Crosthwaite A H, Hurse A B, McDonald I A, Miles H M, Pavillard E R
Aust N Z J Obstet Gynaecol. 1985 Feb;25(1):55-8. doi: 10.1111/j.1479-828x.1985.tb00604.x.
The results of this randomized double blind, placebo controlled trial of a single oral dose of 2 g tinidazole or placebo approximately 12 hours before hysterectomy showed the incidence of infective morbidity in patients who received placebo was 12.2% compared with 1.9% in patients who received tinidazole, (p = 0.045). The mean serum concentration of tinidazole at the time of surgery was 35 mcg/ml, which was well in excess of the minimum concentration required to inhibit all of the 95 anaerobes isolated in this study. Serum tinidazole concentration remained adequately inhibitory for at least 24 hours after surgery. The ability of tinidazole prophylaxis to reduce further our already low rate of febrile morbidity was considered a worthwhile gain. It is now Unit policy to give this agent prophylactically to all patients if the integrity of the vagina is likely to be breached at the time of surgery.
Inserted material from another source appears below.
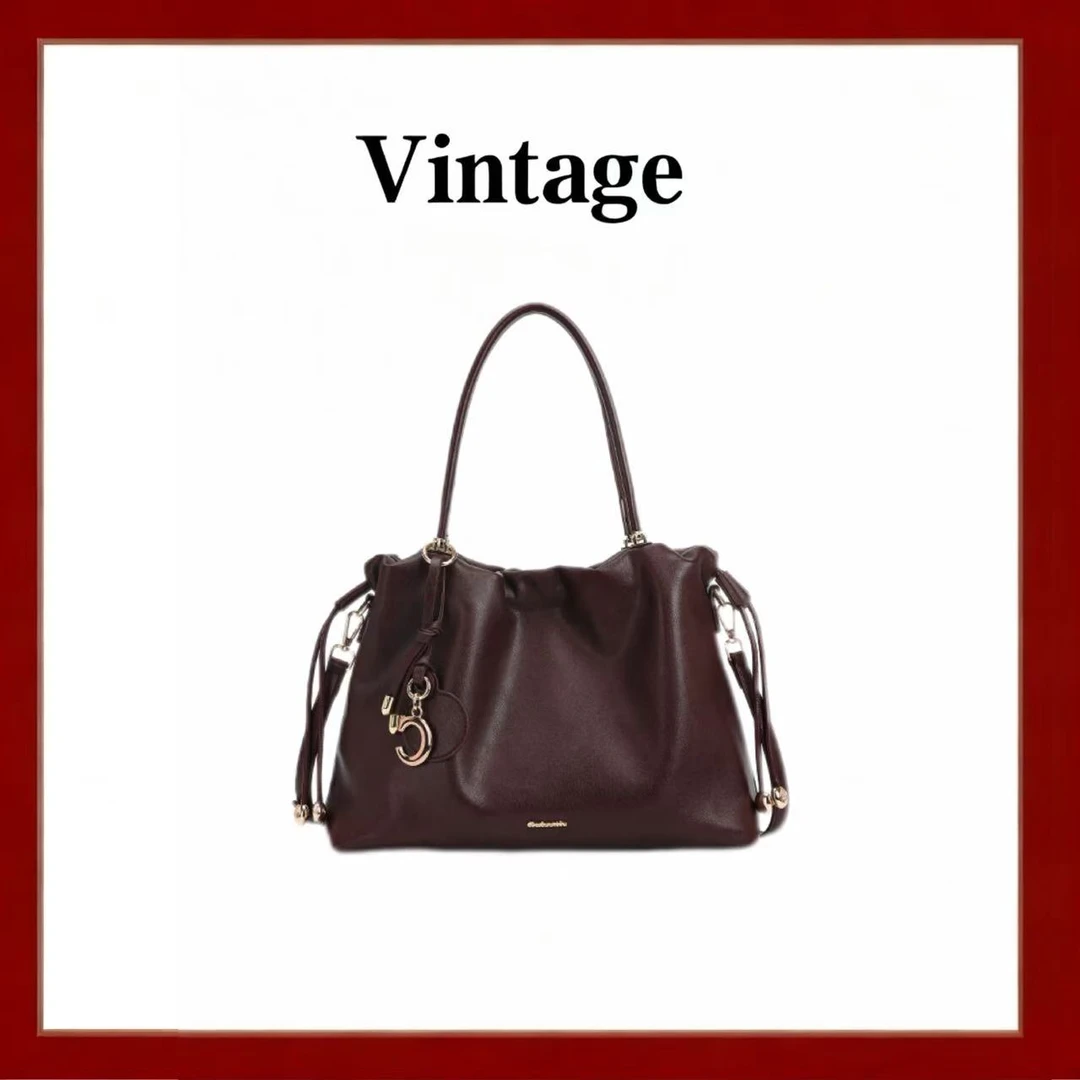 百搭时尚手提单肩斜挎女包 DFN1076-酒红色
这项随机双盲、安慰剂对照试验的结果显示,在子宫切除术前约12小时单次口服2克替硝唑或安慰剂。接受安慰剂的患者感染性发病的发生率为12.2%,而接受替硝唑的患者为1.9%,(p = 0.045)。手术时替硝唑的平均血清浓度为35微克/毫升,远远超过抑制本研究中分离出的所有95种厌氧菌所需的最低浓度。术后至少24小时,血清替硝唑浓度仍保持足够的抑制作用。替硝唑预防措施能够进一步降低我们本已较低的发热发病率,这被认为是一项有价值的收获。如果手术时阴道完整性可能被破坏,现在该科室的政策是对所有患者进行预防性使用这种药物。